State court axes fact-finding group in Philadelphia contract dispute.

The Pennsylvania Supreme Court Wednesday handed Philadelphia unions their latest in a string of defeats, ruling that a team of fact finders mediating contract disputes must be disbanded because of a missed deadline.

The ruling had been eagerly awaited by both the city, which argued that the prolonged fact-finding process was eroding savings Philadelphia needs from more favorable contracts, and the unions, which have already authorized a strike if an agreement with the city proves out of reach.

Union leaders said last month after the strike authorization vote that they would wait at least until the Supreme Court decided the fact-finding case before calling a walkout.

But after Wednesday's ruling, labor representatives were careful to avoid the perception that a strike is now imminent.

"We do not read the state Supreme Court's ruling ... as a green light for reckless actions or rhetoric," said James Sutton, president of District Council 33 of the American Federation of State, County and Municipal Employees, Philadelphia's blue collar union. "We will continue to do everything possible to avoid a strike."

Thomas Paine Cronin, president of AFSCME District Council 47, the white collar union, has been somewhat more confrontational.

During a rally Tuesday to protest the role of the city's oversight board in the contract dispute, Mr. Cronin and several other union representatives entered the board's offices and demanded to speak to members, according to Ronald G. Henry, executive director of the Pennsylvania Intergovernmental Cooperation Authority, as the board is formally known.

PICA, created last year to help the city out of its fiscal emergency, issued $475 of bonds in June to help Philadelphia pay off its accumulated deficits and fund upcoming capital projects. The unions have argued the authority is interfering with contract negotiations and forcing the city to demand unreasonable concessions to balance its budget.

Mr. Henry said he had to ask the police to remove Mr. Cronin and his associates because they were disrupting PICA operations, but the authority decided not to press charges after the union leaders were arrested.

"The time of Philadelphia labor leaders would be better spent negotiating contracts than defending themselves in court," Mr. Henry said.

Mr. Cronin could not be reached for comment yesterday.

The state Supreme Court's 5-to-1 ruling was based on a strict interpretation of the statutes governing the appointment of fact-finding teams. Under those laws, the Pennsylvania Labor Relations Board can appoint an independent fact-finding team to mediate disputes no later than 130 days prior to the budget submission date, which this year was March 31. The fact finders were appointed June 26, or about seven months after the legal deadline had passed.

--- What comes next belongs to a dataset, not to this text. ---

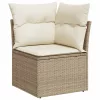  10 részes bézs polyrattan kerti ülőgarnitúra párnával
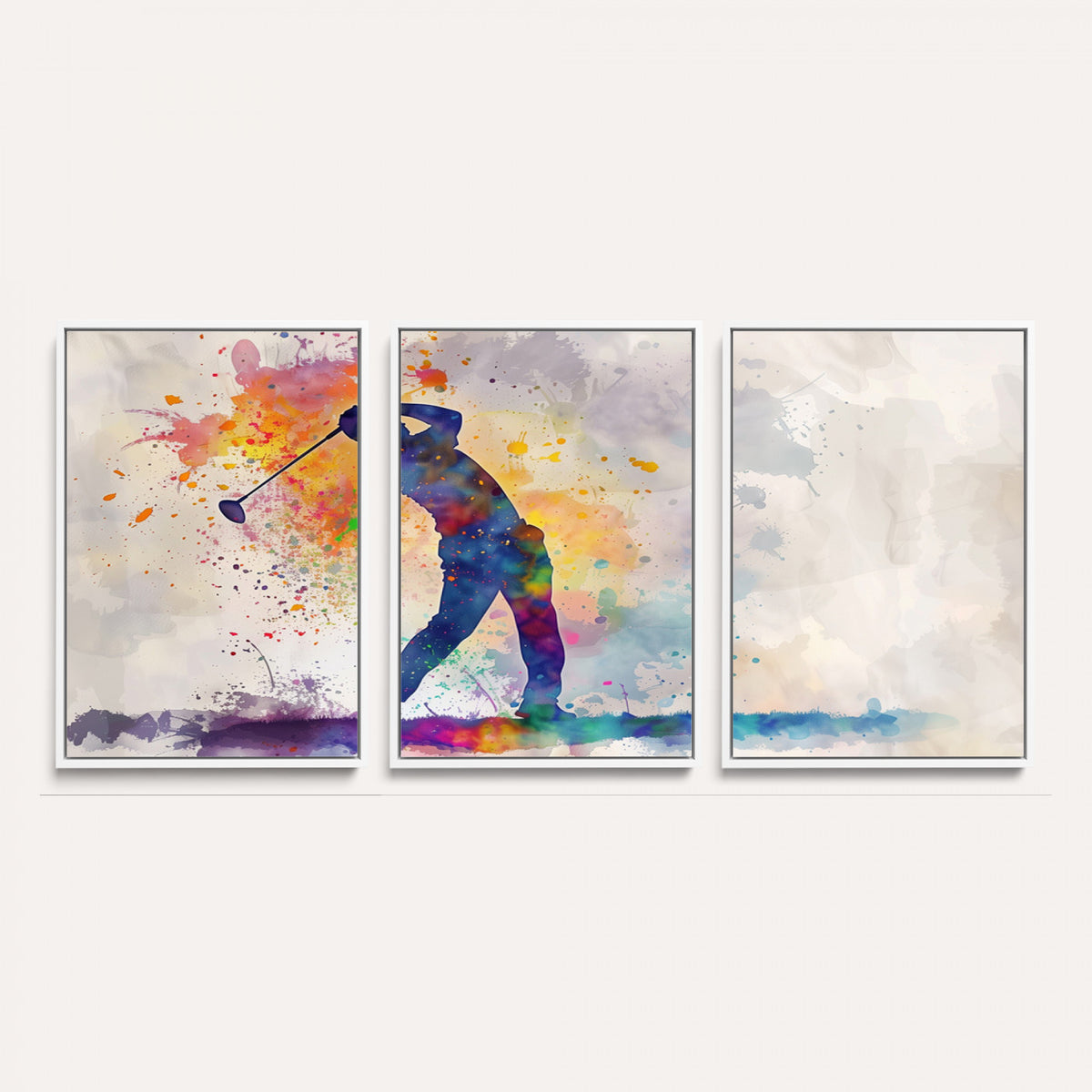 89625-MGV-CV-36X24 - Vibrant Watercolor Golf Swing Wall Art Canvas Print | Extra Large 3 Piece Canvas Wall Art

The majority said that fact alone was enough to void the process, but one justice, Rolf Larsen, agreed with the unions' argument that mitigating circumstances should have overruled a strict interpretation of the deadline.

For one thing, Justice Larsen noted, the deadline fell amid a change in leadership in the city, when former Mayor W. Wilson Goode was about to be replaced by Mayor Edward G. Rendell. The city's fiscal situation was on hold during the transition, so the appointment of fact finders would have been inappropriate, he wrote. The majority's strict adherence to the deadline "elevates form over substance" and ignores the intent of the laws governing the fact-finding process.

"The majority opinion is another reactionary step in the transformation of this great commonwealth of Pennsylvania from the cradle of workers' rights to the coffin of those hard fought for earned rights," he said.

David Cohen, Mayor Rendell's chief of staff, called the court's ruling a reaffirmation of what we've been saying, which is that the unions have been using the fact-finding process as a delaying tactic."

The next move in the bargaining process will come from Mayor Rendell, who has called a press conference for today in which he is expected to set a deadline for an agreement with the unions. If the deadline is missed, the mayor is expected to declare an "impasse" and unilaterally impose his last best offer on the unions.

The legal precedent for such an action is being disputed in the Commonwealth Court of Pennsylvania, under a case involving the Philadelphia Housing Authority. But a decision in that case is not expected until November.

Ever since Philadelphia unveiled its plan to restore budget balance earlier this year, the unions have charged the city is demanding too many contract concessions. But their efforts to halt the process have been continually shot down. A lawsuit filed in February calling for a dismantling of the oversight authority was quickly rejected by the Supreme Court.

The unions also tried to derail the authority when the city council was considering whether to approve the board, and they attempted to kill Mayor Rendell's five-year fiscal recovery plan in the city council. Both efforts proved unsuccessful.